Can social media suck you into believing you know everything? Absolutely.
I call this phenomenon the Social Media Cone of Silence ... and it could be deadly for you and your business.
The "cone" is that space where you are so surrounded by online input that it feels like you're on top of everything: You're following the best blogs in your industry. You follow the smartest people on Twitter. You are involved in the deepest discussions on relevant LinkedIn groups. In a nutshell you're so plugged in you're the go-to person for what's hot, what's new and what's over the horizon.
But this "cone" of information is a trap ... and you need to see it for what it is. It has taken your attention away from some more basic information sources and can lull any business into a false sense of security.
So who are you likely ignoring (or at least not paying enough attention to)?
Sales people:What's the word from sales? What are they hearing and seeing that you aren't? They're in the trenches day-in and day-out and they literally hear from customers all the time. What are they hearing? Is what they hear changing?
But don't stop there. What do they know about competitors and how competitors are perceived in the marketplace? What opportunities are sales folks seeing? Given the chance to change one thing about your business or your product what would they suggest?
Sales people have your goals too, listen to them.
CRM specialists: Your customer relations specialists likely have obvious and not-so-obvious responsibilities. But the one thing they all have is a gut feeling about what is going on and what should be getting more attention.
Find these people throughout your organization ... and look hard. For example the front-desk security guard or the delivery driver may not seem like customer relations types but they are. The handle customers every single day and because of this they know a lot of stuff that you don't. Find them and listen to them.

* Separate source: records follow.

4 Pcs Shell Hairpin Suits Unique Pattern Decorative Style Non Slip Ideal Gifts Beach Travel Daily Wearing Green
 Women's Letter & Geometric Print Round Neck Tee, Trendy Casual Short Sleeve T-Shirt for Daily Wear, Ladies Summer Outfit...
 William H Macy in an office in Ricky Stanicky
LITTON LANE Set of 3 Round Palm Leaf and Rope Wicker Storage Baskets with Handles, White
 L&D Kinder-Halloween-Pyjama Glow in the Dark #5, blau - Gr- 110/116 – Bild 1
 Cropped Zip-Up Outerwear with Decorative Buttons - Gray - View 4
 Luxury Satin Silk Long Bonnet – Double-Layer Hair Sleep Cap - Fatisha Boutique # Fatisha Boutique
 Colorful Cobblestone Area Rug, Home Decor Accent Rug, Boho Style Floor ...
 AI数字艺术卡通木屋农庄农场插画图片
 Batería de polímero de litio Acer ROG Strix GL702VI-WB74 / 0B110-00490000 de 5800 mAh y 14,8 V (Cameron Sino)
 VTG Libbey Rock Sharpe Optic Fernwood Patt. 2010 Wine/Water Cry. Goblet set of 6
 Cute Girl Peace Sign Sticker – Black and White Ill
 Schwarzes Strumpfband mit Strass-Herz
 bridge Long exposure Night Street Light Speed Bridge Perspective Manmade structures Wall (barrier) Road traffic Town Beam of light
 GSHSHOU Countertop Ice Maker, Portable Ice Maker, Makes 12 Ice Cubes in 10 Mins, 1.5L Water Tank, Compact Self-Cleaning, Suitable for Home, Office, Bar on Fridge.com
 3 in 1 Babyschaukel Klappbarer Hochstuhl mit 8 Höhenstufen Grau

Carol: This person may have another name in your organization, but in the first newsroom I worked in many years ago Carol was the secretary and receptionist. That is to say she was the smartest, most community connected person in the room. If Carol said something was a big deal the reporters and editors would always come to regret not following up on her ideas. Who are the Carols in your organization? Get to know them. Listen to them.
Can social media provide you with a lot of real-time business intelligence? Yes. But don't forget to mix it in with a heaping helping of smarts from the real people around you. Who will you go talk to today?